Over the past several years, a new certainty was added to death and taxes: Jared Kushner would fail in his role as the administration’s Middle East point man.

It caused considerable merriment among President Donald Trump’s critics (and even some of his well-wishers) when he put his son-in-law in charge of brokering peace in the Middle East at the outset of his administration.

It was assumed to be ridiculous that Trump had tapped the 39-year-old Kushner, not a diplomat or an expert in the region, for this role and assumed that everything he did afterward was ridiculous, if not nefarious.

Rarely has so much mockery been directed at an approach that, in the event, was methodical, creative, and ultimately achieved a breakthrough.

Kushner did not make peace between the Israelis and Palestinians, but no one else has, either. What he did was find a path for historic deals to normalize relations between Israel and the United Arab Emirates and Bahrain, with perhaps other Arab countries to follow. If we don’t know how they will turn out, the deals have the potential to transform the strategic environment of the region, isolating and reducing the influence of Iran and of a feckless and corrupt Palestinian political leadership that has served its people poorly.

If you’ve followed the commentary on Kushner’s efforts the past few years, you’d be truly shocked at this outcome.

It wasn’t just that his detractors were skeptical—God knows, the Middle East usually proves optimists wrong.

It wasn’t just that they doubted the administration’s approach—reasonable people can disagree about strategic and tactical questions in a complicated region.

It’s that they took it as a given that Kushner is an idiot and the entire thing was going to be an embarrassing debacle, and made the same point over and over again in the most insulting terms.

They took their disdain for the president as a license to not even attempt to understand, and completely missed the mark as a result.

One of the administration’s projects was crafting a $50 billion economic plan for the Palestinians, then holding a conference in Bahrain promoting it. A piece in the progressive publication Mother Jones about the conference was titled, “Highlights From Jared Kushner’s Bizarre and Fantastical Middle East Peace Conference.” The item repeatedly cited snide tweets from an Economist reporter covering the conference.

When the administration prepared to follow this up with a peace plan, an expert warned in Foreign Policy: “Trump Must Not Let Jared Kushner’s Peace Plan See the Light of Day.” When the plan was released, another expert wrote an analysis for The Carnegie Endowment for International Peace, “I’m a Veteran Middle East Negotiator.
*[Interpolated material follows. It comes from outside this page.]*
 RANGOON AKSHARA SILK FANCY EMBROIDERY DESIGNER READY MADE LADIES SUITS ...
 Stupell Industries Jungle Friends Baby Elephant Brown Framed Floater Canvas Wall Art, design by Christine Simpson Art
Trump’s Plan is the Most Dangerous I’ve Ever Seen.” A column in the Washington Post declared, “The Trump administration’s new Mideast ‘peace’ plan is absurd.”

Vox ran a disparaging piece with the headline, “Jared Kushner, architect of Trump’s Middle East peace plan, still doesn’t get it.”
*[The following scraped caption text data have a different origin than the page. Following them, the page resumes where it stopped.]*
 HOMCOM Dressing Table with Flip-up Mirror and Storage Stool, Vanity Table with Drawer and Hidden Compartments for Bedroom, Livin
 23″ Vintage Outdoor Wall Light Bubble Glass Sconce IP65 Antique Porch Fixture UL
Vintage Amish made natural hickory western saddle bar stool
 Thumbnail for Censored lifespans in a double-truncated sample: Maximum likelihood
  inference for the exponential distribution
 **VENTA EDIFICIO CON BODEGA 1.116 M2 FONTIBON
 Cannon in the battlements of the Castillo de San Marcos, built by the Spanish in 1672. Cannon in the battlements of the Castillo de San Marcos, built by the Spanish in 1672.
New York magazine ran a piece mocking an interview in which Kushner said he’d read a couple of dozen books on the conflict: “Jared Kushner Claims He Can Solve Israeli-Palestinian Conflict Because He’s ‘Read 25 Books on It.’” Kushner also said he’d “spoken to every leader in the region, I’ve spoken to everyone who’s been involved in this.” That would seem to count for at least a little something, but New York dismissed that, as well.
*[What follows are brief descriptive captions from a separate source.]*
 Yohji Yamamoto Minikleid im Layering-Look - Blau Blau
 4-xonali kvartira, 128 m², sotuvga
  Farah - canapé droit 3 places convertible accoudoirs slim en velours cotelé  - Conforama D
Vanity Fair ran a piece under the headline, “Jared Kushner: Palestinians Have Never Done Anything Right in Their Sad, Pathetic Lives.” The offending statement was a version of the oft-quoted line from the late Israeli diplomat Abba Eban that the Palestinians never miss an opportunity to miss an opportunity (he originally said the Arabs, but it’s usually quoted as applying to the Palestinians). Then it noted of the video of the Kushner statement, “Don’t worry, there’s footage of Kushner making this statement, so it can be played back for all eternity.”

It seems pretty unlikely that anyone is going to go back to it now.

The critics took great umbrage at Kushner’s admonishing the Palestinians, not realizing that they were beholden to a conventional wisdom that had been eclipsed in the region. The tectonic plates were shifting such that the only path to peace no longer ran through the Palestinians, if it ever did. The frustration that Kushner was expressing about the Palestinian leadership was shared by key Arab leaders.